PROMPT: Repeat the records verbatim and leave the pictures out of your copy.

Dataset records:
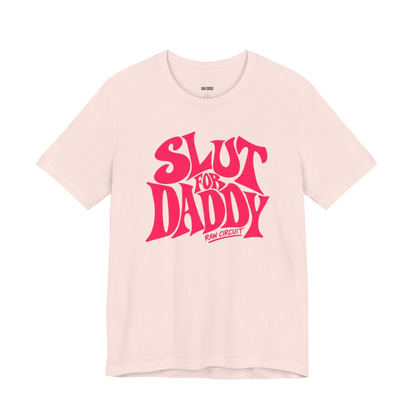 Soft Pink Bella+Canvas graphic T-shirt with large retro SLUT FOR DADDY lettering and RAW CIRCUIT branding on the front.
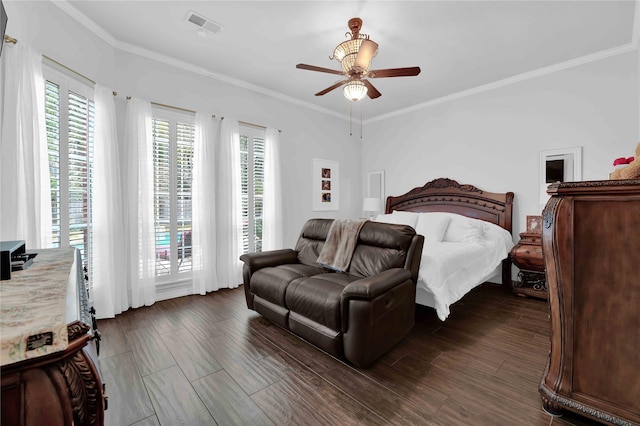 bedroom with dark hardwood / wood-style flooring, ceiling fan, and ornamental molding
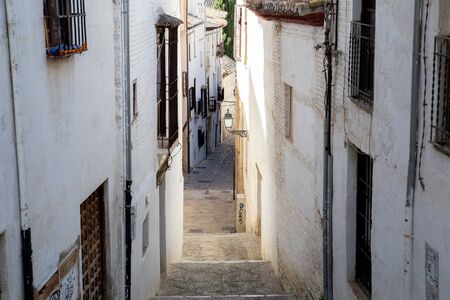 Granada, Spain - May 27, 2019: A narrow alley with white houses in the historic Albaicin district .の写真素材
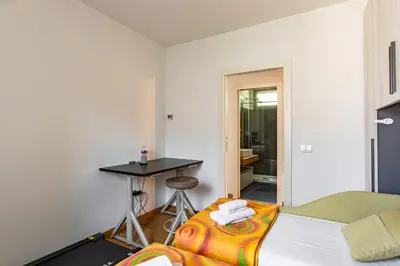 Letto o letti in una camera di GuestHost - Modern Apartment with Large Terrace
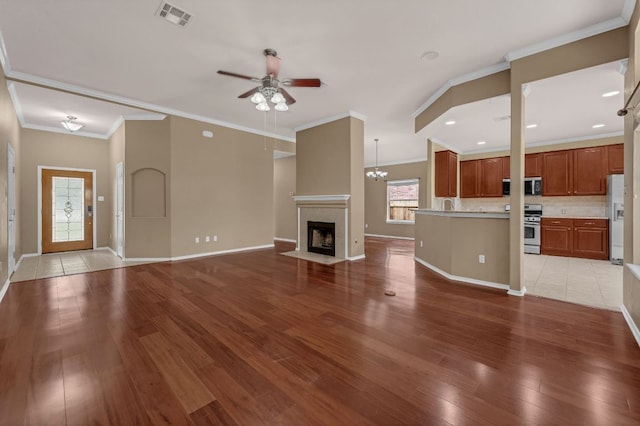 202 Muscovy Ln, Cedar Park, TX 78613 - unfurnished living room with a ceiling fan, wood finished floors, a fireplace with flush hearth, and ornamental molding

RESPONSE TO THE EXERCISE:
 Soft Pink Bella+Canvas graphic T-shirt with large retro SLUT FOR DADDY lettering and RAW CIRCUIT branding on the front.
 bedroom with dark hardwood / wood-style flooring, ceiling fan, and ornamental molding
 Granada, Spain - May 27, 2019: A narrow alley with white houses in the historic Albaicin district .の写真素材
 Letto o letti in una camera di GuestHost - Modern Apartment with Large Terrace
 202 Muscovy Ln, Cedar Park, TX 78613 - unfurnished living room with a ceiling fan, wood finished floors, a fireplace with flush hearth, and ornamental molding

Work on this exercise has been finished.